反対殺到 自民取り下げ

※しんぶん赤旗2023年10月11日 記事pdf

〝子供放置禁止〟埼玉県虐待禁止条例案
反対殺到自民取り下げ

 子どもだけでの遊びや登下校を禁止し、県民から批判の声があがっていた、自民党埼玉県議団提出の県虐待禁止条例の改正案をめぐり、自民党県議団は10日、改正案を取り下げると発表しました。
 同改正案は、9歳以下の子どもを自宅などに放置することを禁止するもの。日本共産党県議団の質疑などにより、「9歳以下の子どもだけで公園で遊ばせる」「9歳以下の小学生だけで集団登下校」などが禁止行為にあたると明らかになっていました。

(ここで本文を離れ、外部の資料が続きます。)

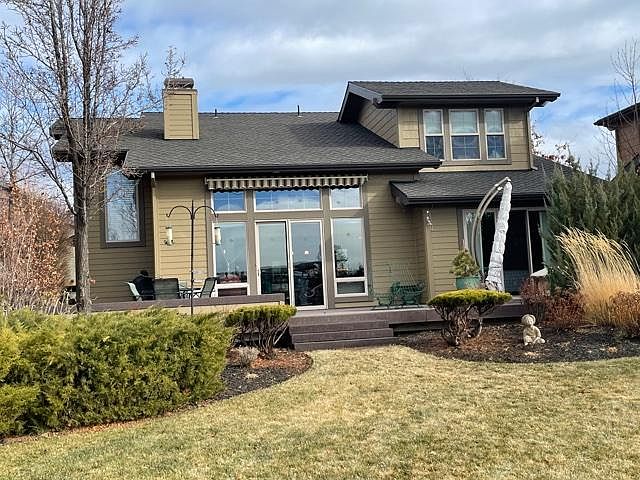 2nd image of 693 SW Otter Way
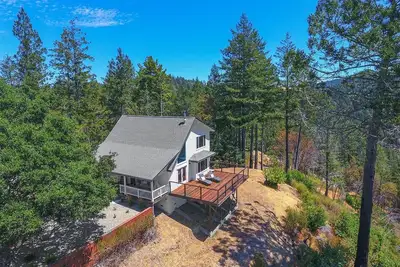 Image de Outrageous Views - 5 miles from Calistoga. Privacy + Wine country at its best!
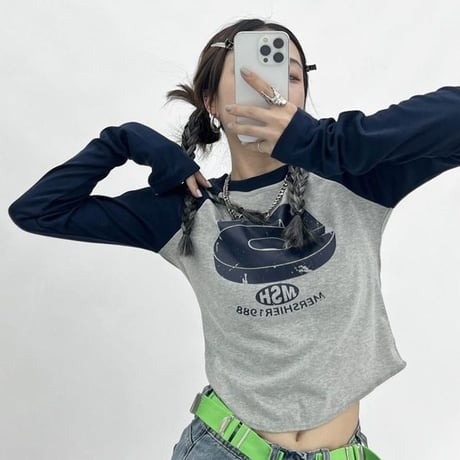 ロンT クロップド丈 ナンバープリント ラグランスリーブ ショート丈 トップス tシャツ スリムフィット 長袖 レトロ 大人可愛い ガーリー カジュアル DTCA-860701868371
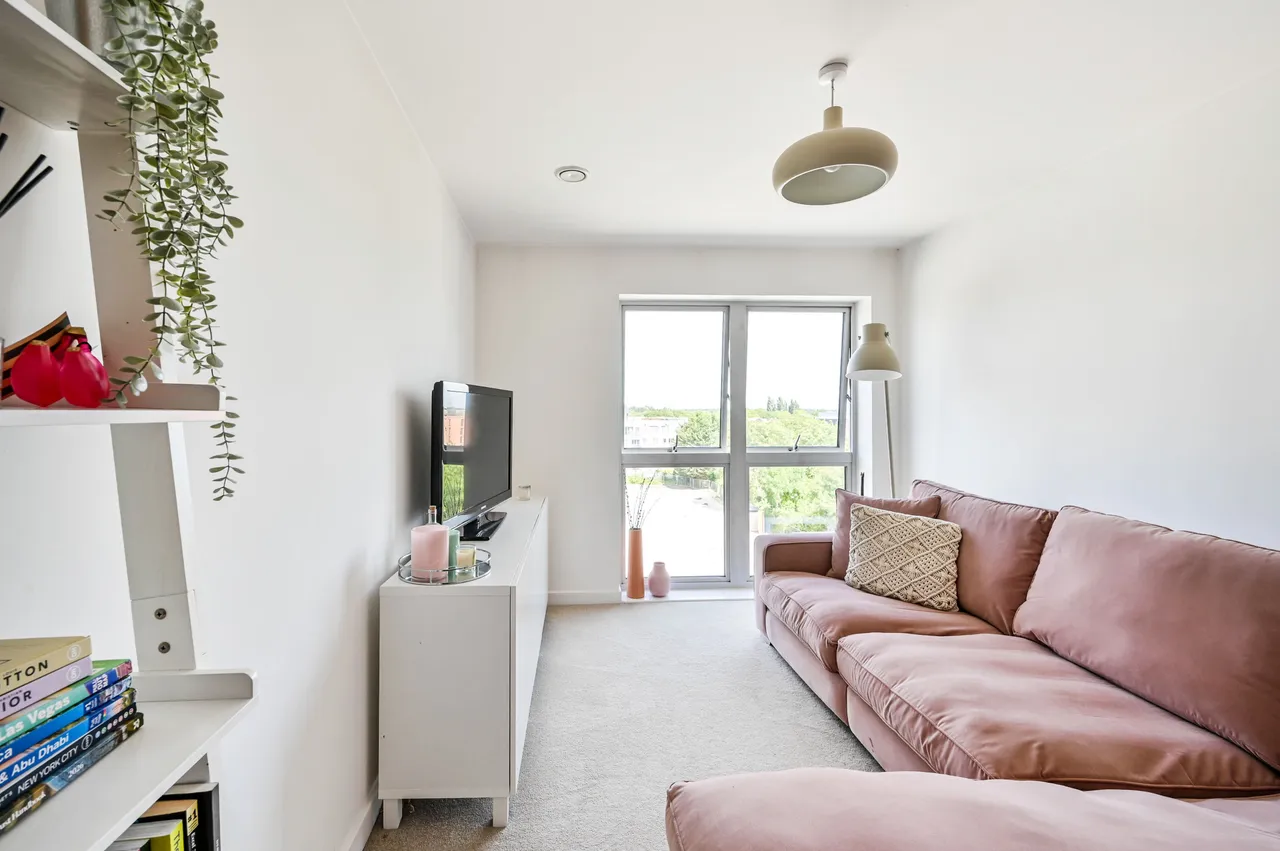 53 Austen House, Station View, Guildford, photo 7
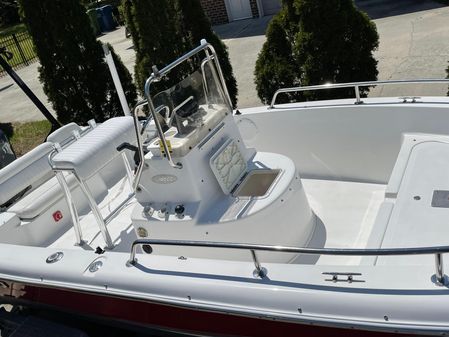 Sea Pro 180 Center Console image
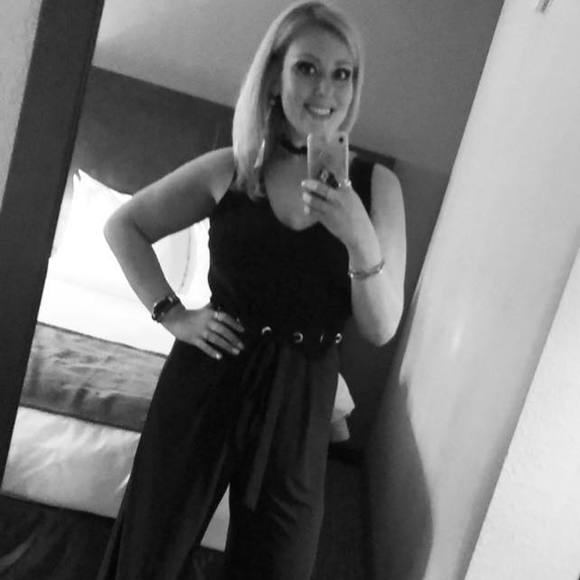 Meet your Posher, Shari - Picture 1 of 1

 改正案は、6日の県議会福祉保健医療委員会で自民、公明の賛成多数で可決され、県議会最終日の13日の本会議での可決・成立が狙われていました。
 しかし、県民の反対の声が急速に広がり、県内の子育て中の女性が呼びかけたオンライン署名には8万9000人以上(10日午後5時時点)から署名が集まっています。

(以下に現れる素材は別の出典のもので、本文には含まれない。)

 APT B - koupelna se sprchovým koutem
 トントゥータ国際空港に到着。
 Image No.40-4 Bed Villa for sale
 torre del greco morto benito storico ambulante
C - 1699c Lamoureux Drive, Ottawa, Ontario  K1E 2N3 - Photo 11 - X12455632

 自民党県議団の田村琢実団長は会見で、取り下げの理由について「私の説明不足だ」として、「県民から不安の声があり、おわびしたい」と述べました。
 同日、新日本婦人の会が呼びかけて県庁前で行った改正案に抗議する宣伝には、約230人が参加。リレートーク中、改正案取り下げの速報があり、参加者から歓声と拍手がわき起こりました。

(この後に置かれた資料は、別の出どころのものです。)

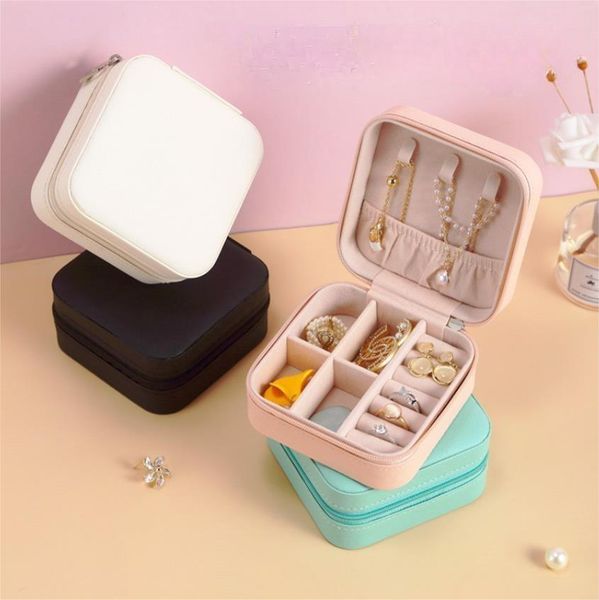 jewelry boxes box travel case mother day/birthday/holiday/christmas gifts for her bridesmaid proposal d1, Black;white
jewelry boxes box travel case mother day/birthday/holiday/christmas gifts for her bridesmaid proposal d1, Black;white
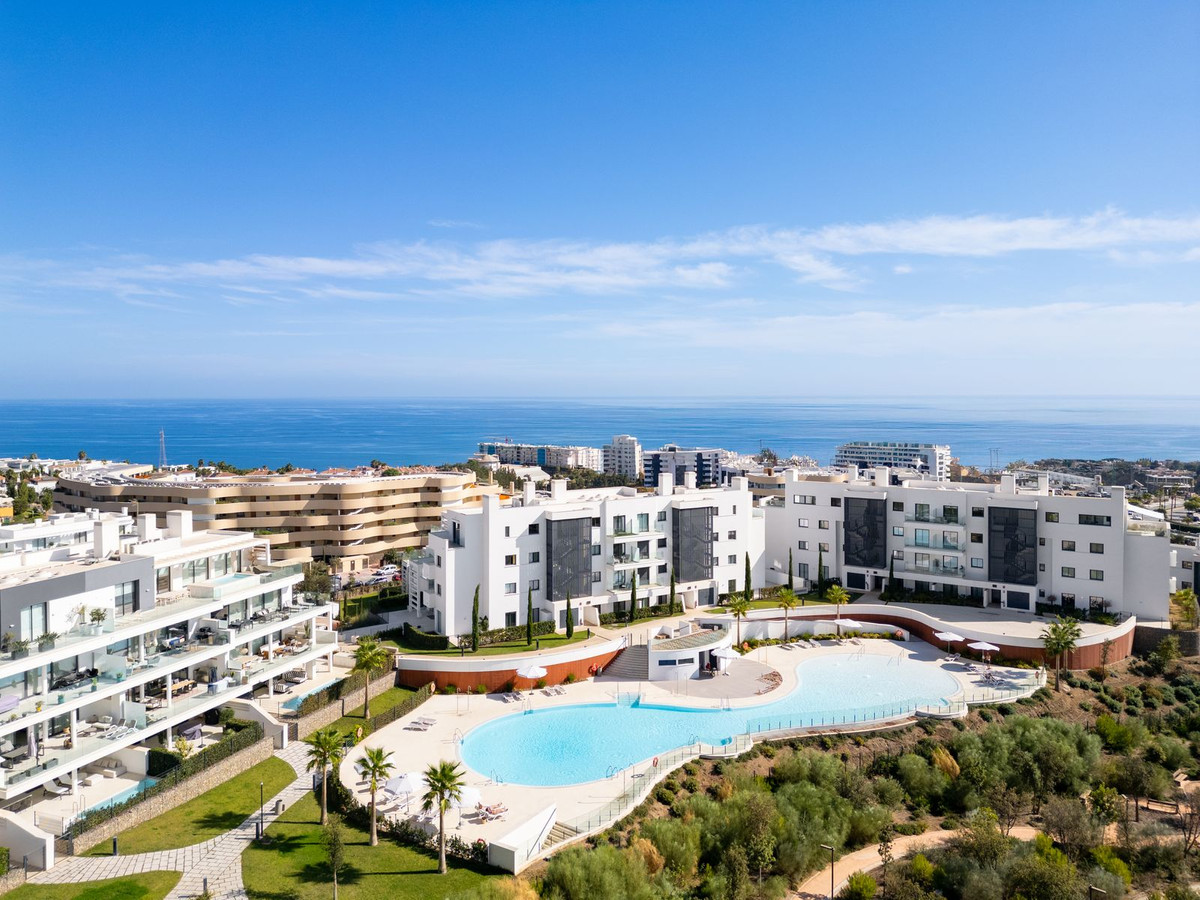 3 Bed Apartment for sale in Fuengirola Costa Del Sol, Málaga, Spain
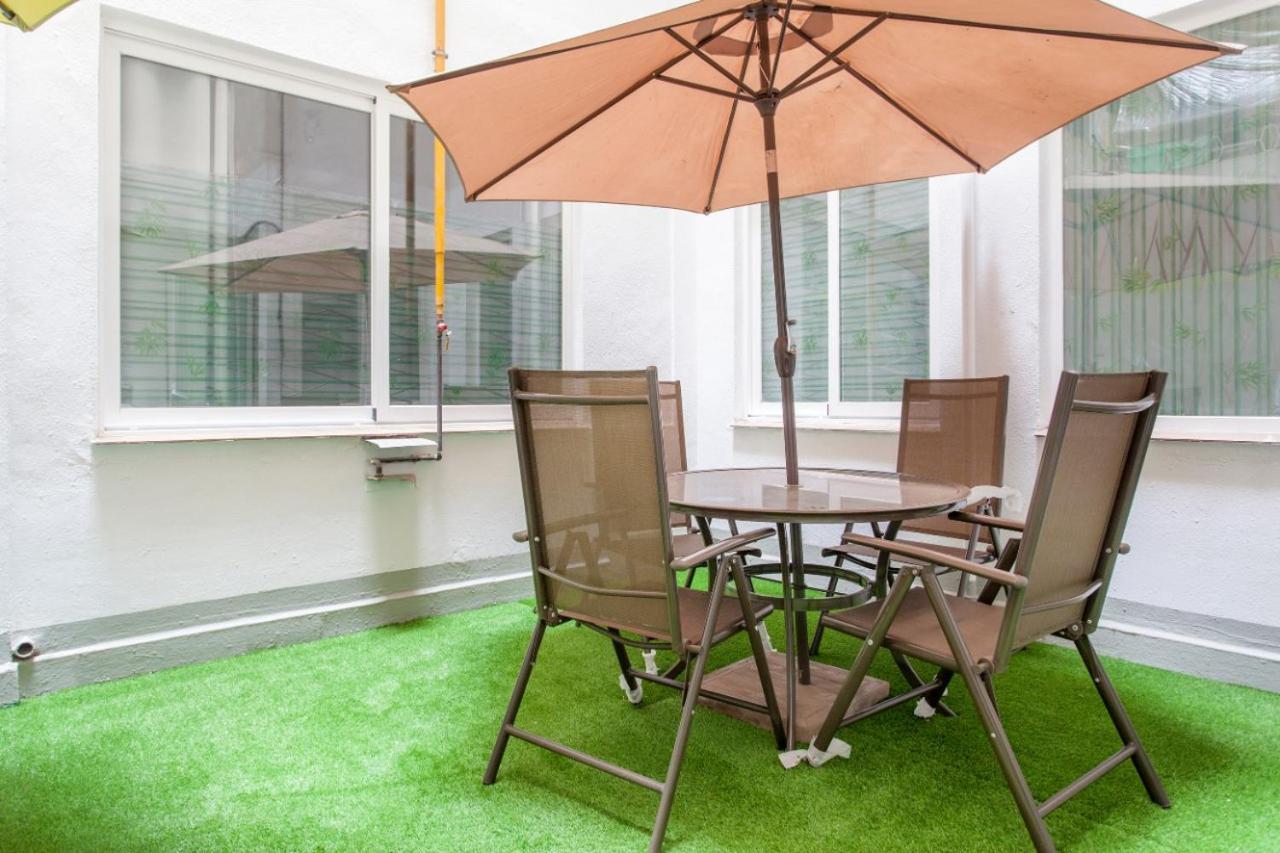 Отель Mini Apartamento Centrico Con Zonas Compartidas Валенсия Экстерьер фото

 参加した、小学生の子育て中の橋本容子さん(44)は「市民の声で政治を動かすことができた。みんなが政治に参加し、自分たちのことを自分たちで決めていけるようになってほしい」と語りました。
 共産党県委員会と同県議団は、改正案取り下げは「県民・国民の運動の巨大な成果」だとして、虐待根絶へ国と自治体、地域社会が児童擁護者(保護者など)を支援する施策の実現へ奮闘するとした声明を発表しました。